Overview: This activity demonstrates how to  manually modify an amino acid residue to model protein mutagenesis.

Outcome: The user will be able to change the identity of an amino acid residue in order to visualize the impact of mutagenesis on the protein of interest.

Time to complete: 15 minutes

Modeling Skills

  • Changing the identity of an amino acid residue using the mutagenesis tool
  • Selecting the rotamer that best fits the structure
  • Visualizing the impact of mutagenesis on the contour of a cavity in a protein

About the Models

PDB ID: 4LTV

Protein: Epi-isozizaene synthase (EIZS)

Activity: Cyclizes the isoprenoid precursor, farnesyl diphosphate (FPP) to form the tricyclic terpene epi-isozizaene. Epi-isozizaene is an intermediate in the biosynthesis of the natural product albaflavenoid.

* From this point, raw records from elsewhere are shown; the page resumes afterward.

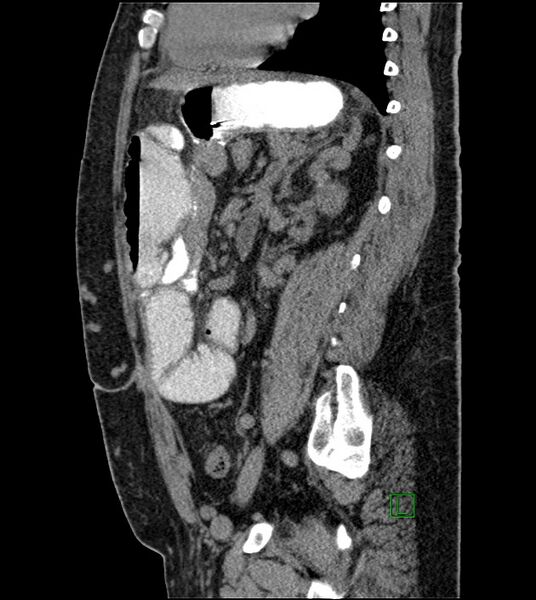 File:Closed-loop small bowel obstruction-internal hernia (Radiopaedia 78439-91096 C 61).jpg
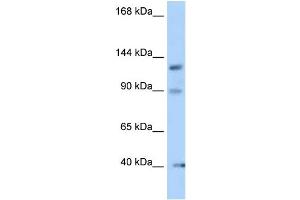 WB Suggested Anti-Ofd1 Antibody Titration: 1. (OFD1 anticorps  (N-Term))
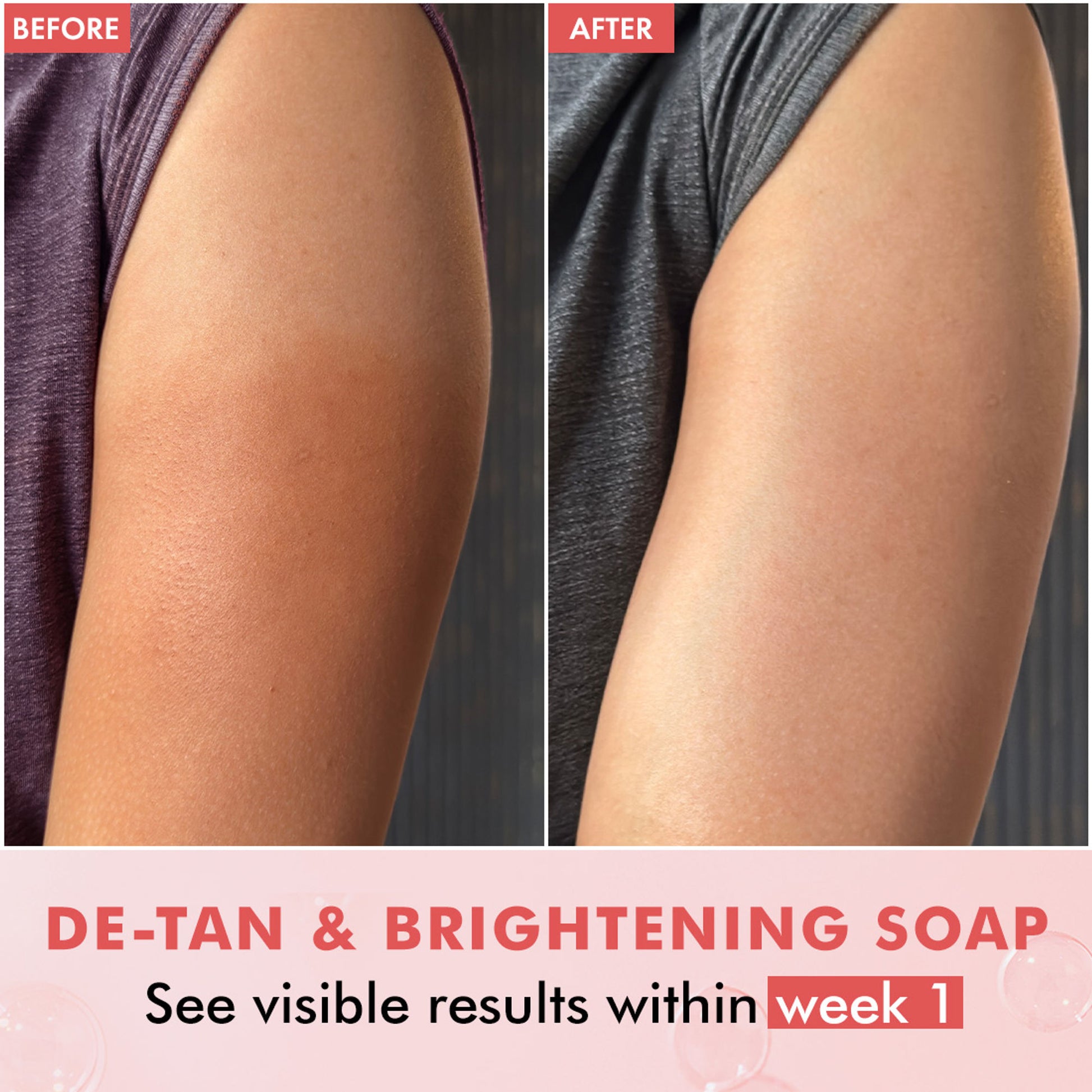 mCaffeine Brightening Tan Removal Soap - 1% Kojic Acid & Glutathione -Tangy Guava Perfume Syndet Bar
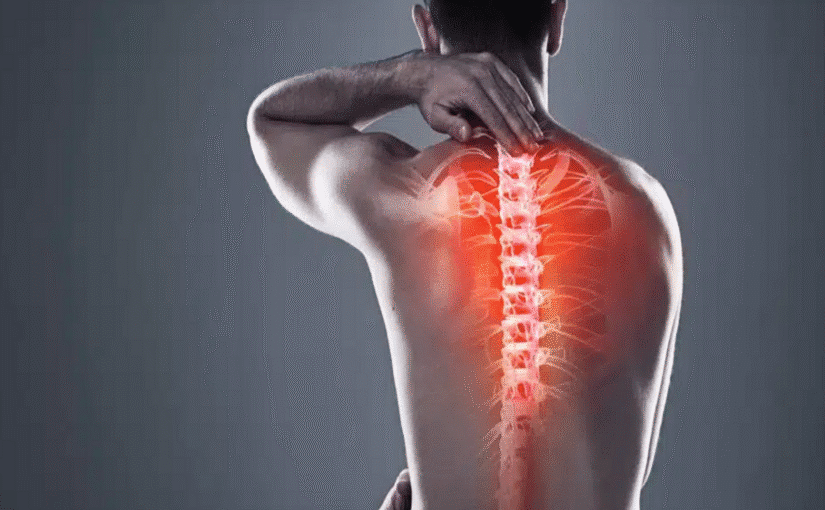understanding kyphoplasty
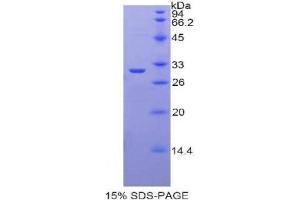 SDS-PAGE analysis of Rat Lactoperoxidase Protein. (LPO Protéine)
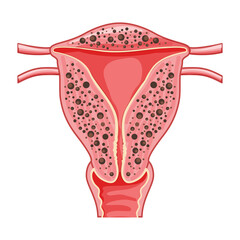 Diffuse Adenomyosis Human anatomy Female reproductive Sick system organs location scheme, uterus vagina icon vector medical Cross section Realistic flat illustration isolated on white background
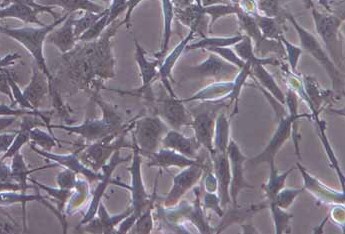 Hey（人卵巢癌细胞系） Hey (human ovarian cancer cells)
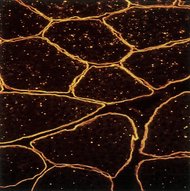 Progressive muscular dystrophies - Knowledge @ AMBOSS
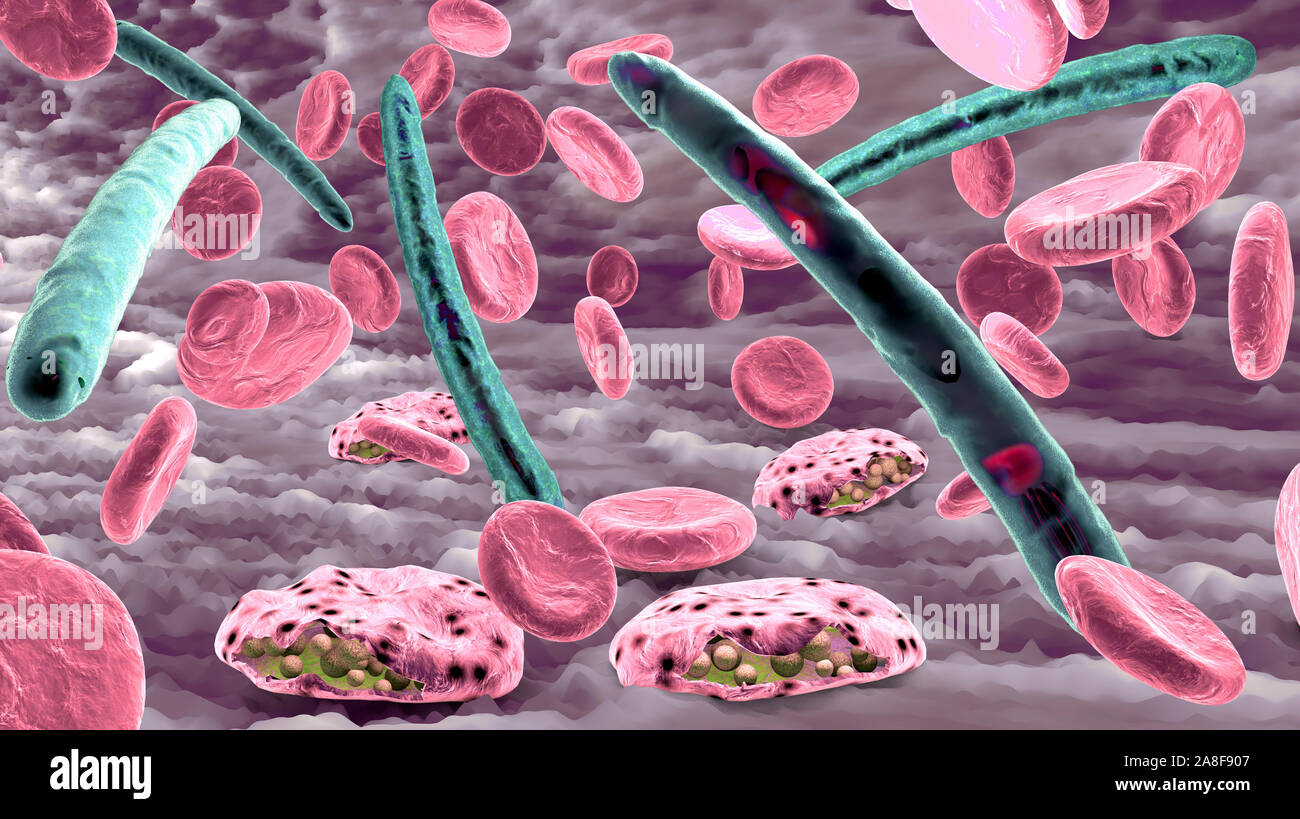 Malaria Infektion, Abbildung Stockfoto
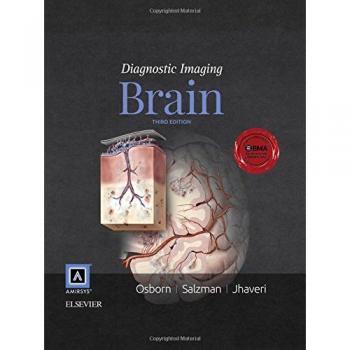 Diagnostic Imaging: Brain, 3e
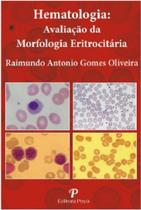 Hematologia. Avaliação da Morfologia Eritrocitária (Pranchas)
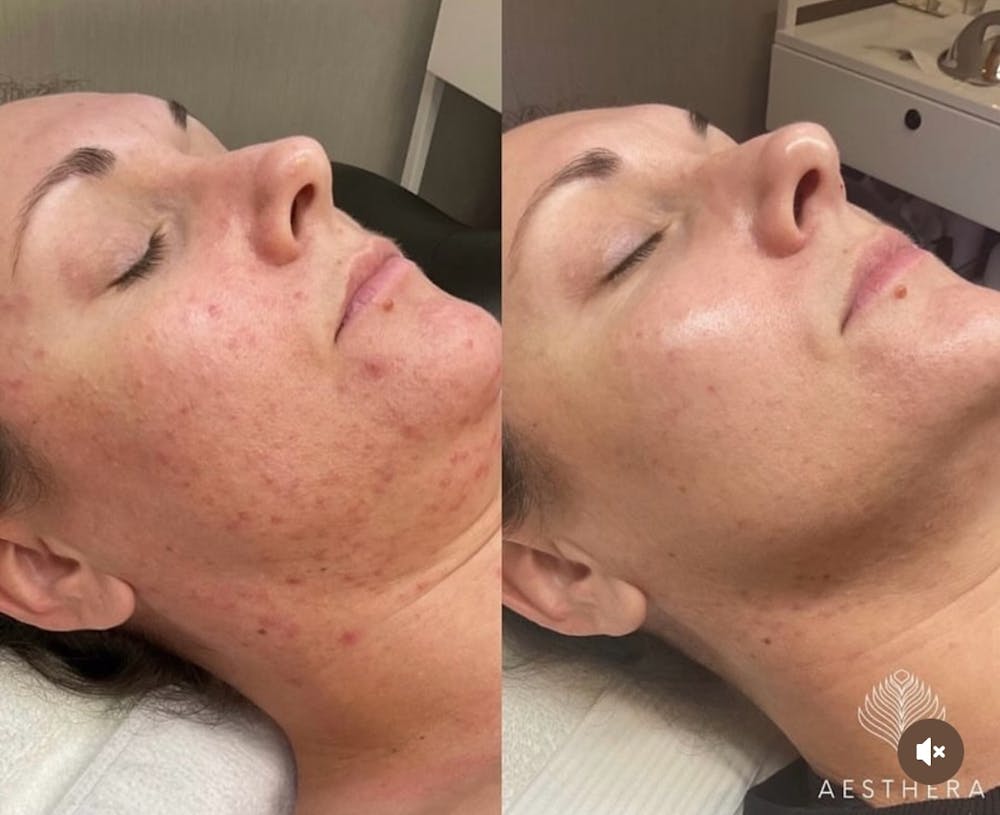Chemical Peels Before & After Gallery - Patient 126208 - Image 1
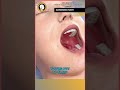 🚨 Enlarged Adenoids: A Hidden Danger! 🚨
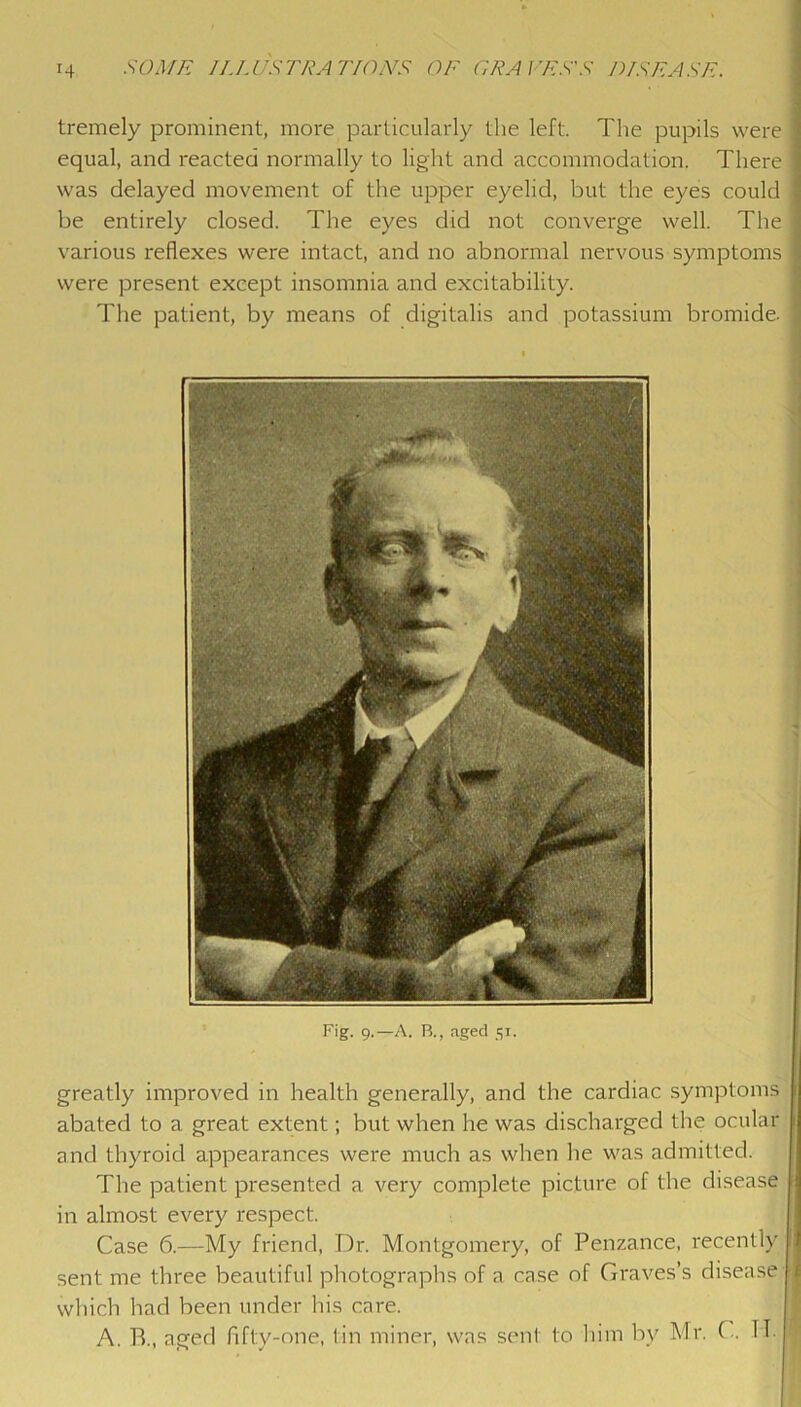 tremely prominent, more particularly the left. The pupils were equal, and reacted normally to light and accommodation. There was delayed movement of the upper eyelid, but the eyes could / be entirely closed. The eyes did not converge well. The f various reflexes were intact, and no abnormal nervous symptoms j were present except insomnia and excitability. f The patient, by means of digitalis and potassium bromide. I Fig. 9.—A. B., aged 51. greatly improved in health generally, and the cardiac symptoms abated to a great extent; but when he was discharged the ocular and thyroid appearances were much as when he was admitted. The patient presented a very complete picture of the disease ; in almost every respect. Case 6.—My friend, Dr. Montgomery, of Penzance, recent!)’ i sent me three beautiful photographs of a case of Graves’s disease . which had been under his care. A. B., aged fifty-one, tin miner, was sent to liim bv Mr. ( . IT.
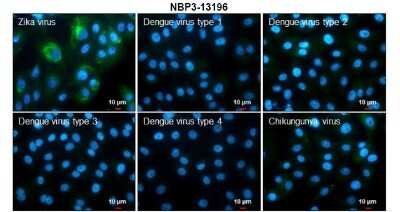 Immunocytochemistry/ Immunofluorescence: Zika virus NS3 Antibody [NBP3-13196]
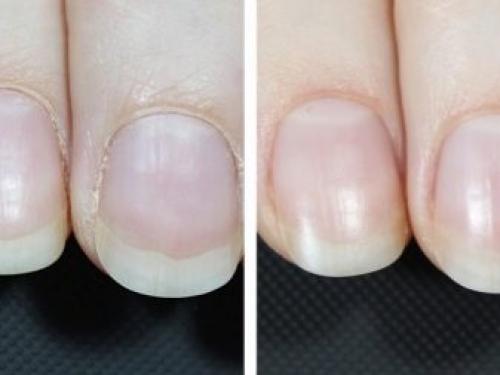 Сколько растет ноготь. Как происходит процесс роста ногтей 03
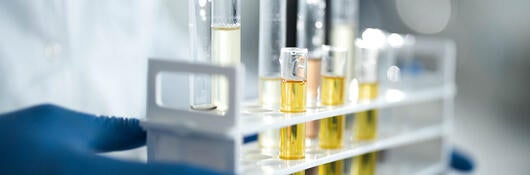 A closeup of a lab technician holding a tray of CBD oils in test tubes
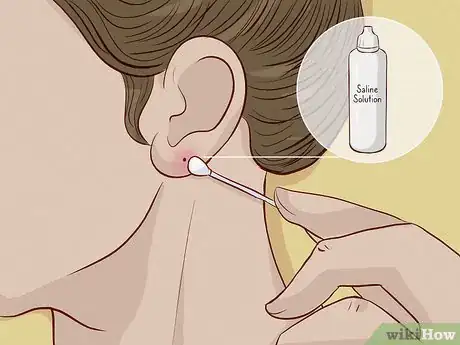 Imagen titulada Close an Earlobe Piercing Step 2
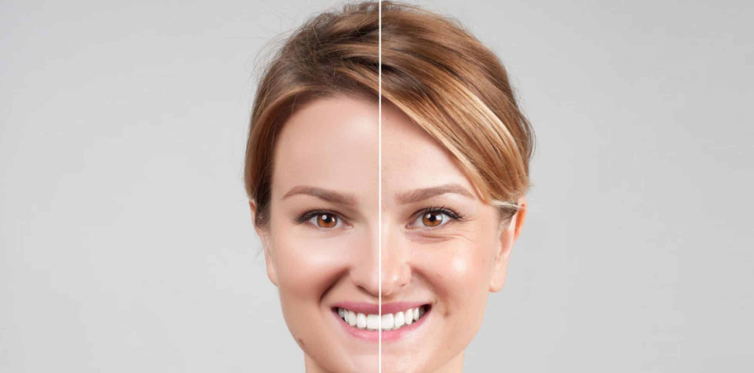 The effect of HIFU on firming the skin-GLM Beauty Spa Equipment Factory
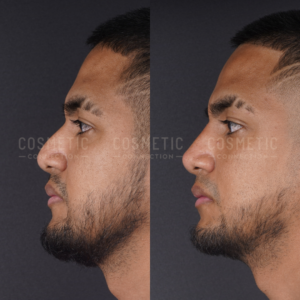 Side-by-side profile photos of a man before and after a non surgical rhinoplasty. The left image shows a more prominent nose bridge, while the right image shows a straighter nose and refined appearance.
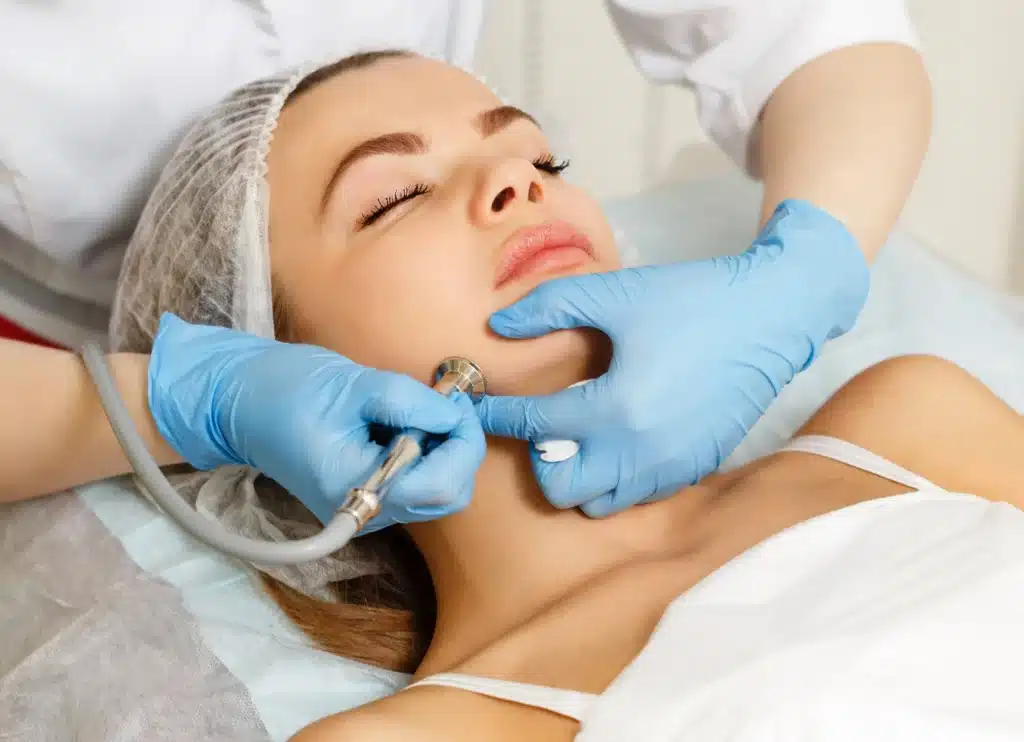 Microdermabrasion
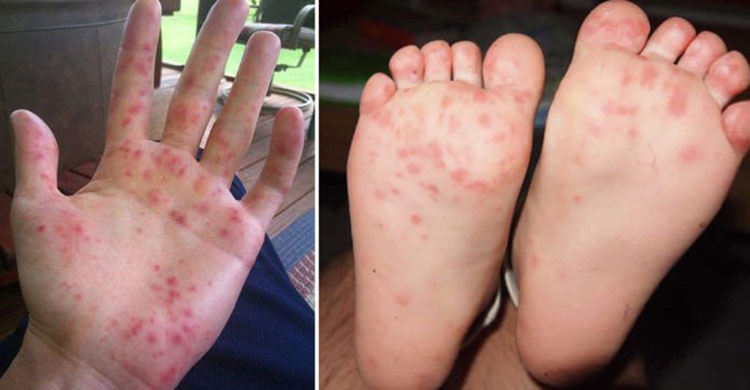 Natural Remedies For Hand Foot And Mouth Virus In Children Natural Remedies For Hand Foot And Mouth Virus In Children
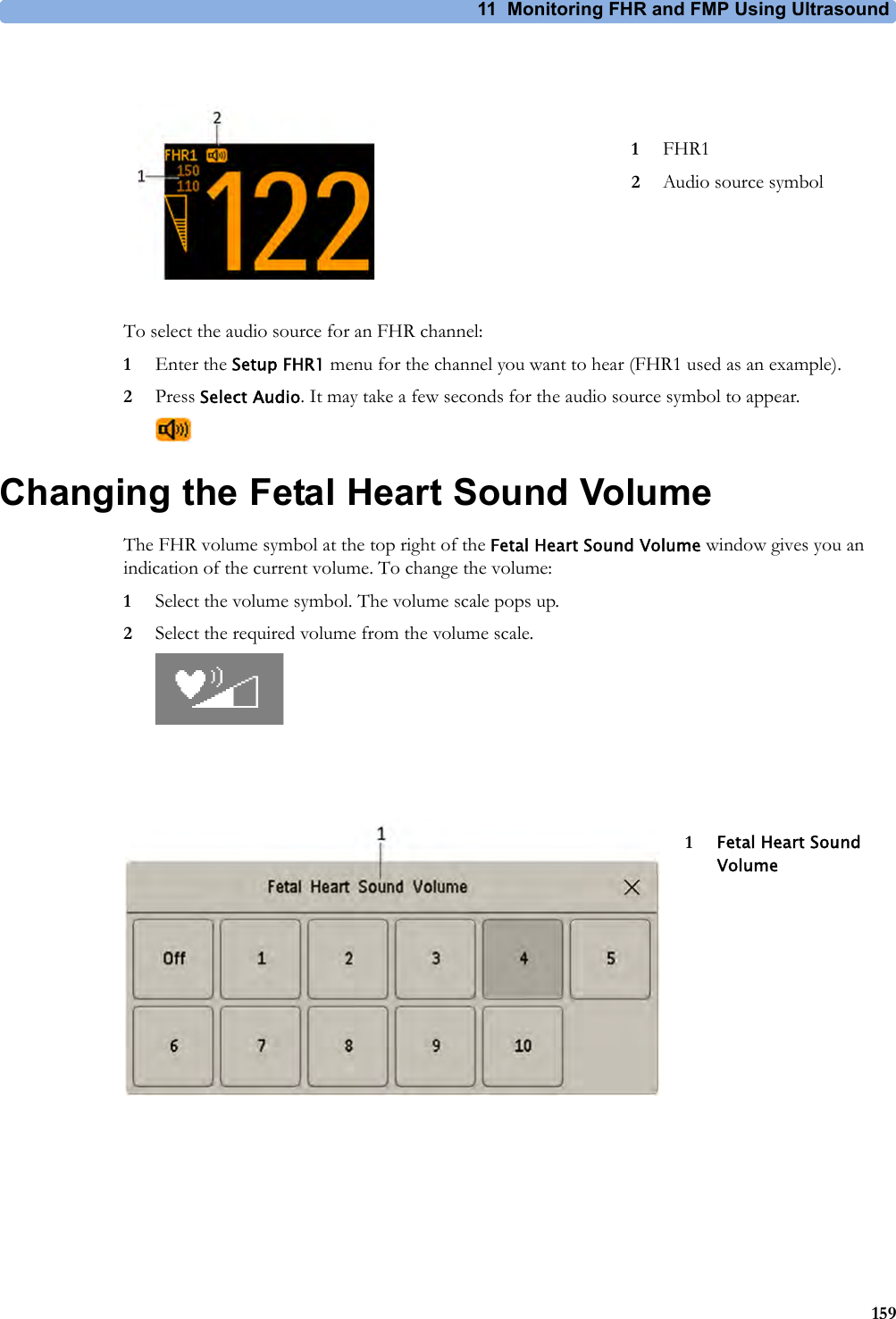 11 Monitoring FHR and FMP Using Ultrasound159To select the audio source for an FHR channel:1Enter the Setup FHR1 menu for the channel you want to hear (FHR1 used as an example).2Press Select Audio. It may take a few seconds for the audio source symbol to appear.Changing the Fetal Heart Sound VolumeThe FHR volume symbol at the top right of the Fetal Heart Sound Volume window gives you an indication of the current volume. To change the volume:1Select the volume symbol. The volume scale pops up.2Select the required volume from the volume scale.1FHR12Audio source symbol1Fetal Heart Sound Volume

Description: Single chain, no ligands bound in the active site, two sulfate ions

Note: We will be using the commands to change the identity of a specific amino acid residue in the enzyme. The amino acid residue, F96, that is mutated in this exercise is on the inner surface of the active site pocket. Mutagenesis experiments (Aaron et al, 2010Li. et al., 2014) have shown that when this residue is mutated, the change in the contour and electrostatics of the active site pocket result in a dramatic change in the identity of isoprenoid products formed. The F96A mutation changes main product of the enzyme from epi-isozizaene to β–farnesene, and the F96W mutation changes the main product from epi-isozizaene to (+)-zizaene.

Steps

Substitution (mutagenesis) of an amino acid residue with rotamer selection

Note: This set of steps will produce a mutation at a single amino acid residue in the protein and allow the user to select a conformation of the new residue that has the fewest steric clashes with existing atoms in the structure.

 

  1. In the command line, type: open 4LTV
  2. Determine what mutation will be investigated. In this example, it will be the F96W mutation.
  3. Show the side chains by selecting: (from the top menu) Molecule Display → Atoms → Show.
  4. Display the amino acid sequence by selecting: (from the top menu) Molecule Display → Analysis → Sequence.
  5.  Identify residue F96.  In the command line, type select :96
  6. Then color residue F96 by selecting: Actions → Color → Magenta (or select preferred color scheme). See Figure 1.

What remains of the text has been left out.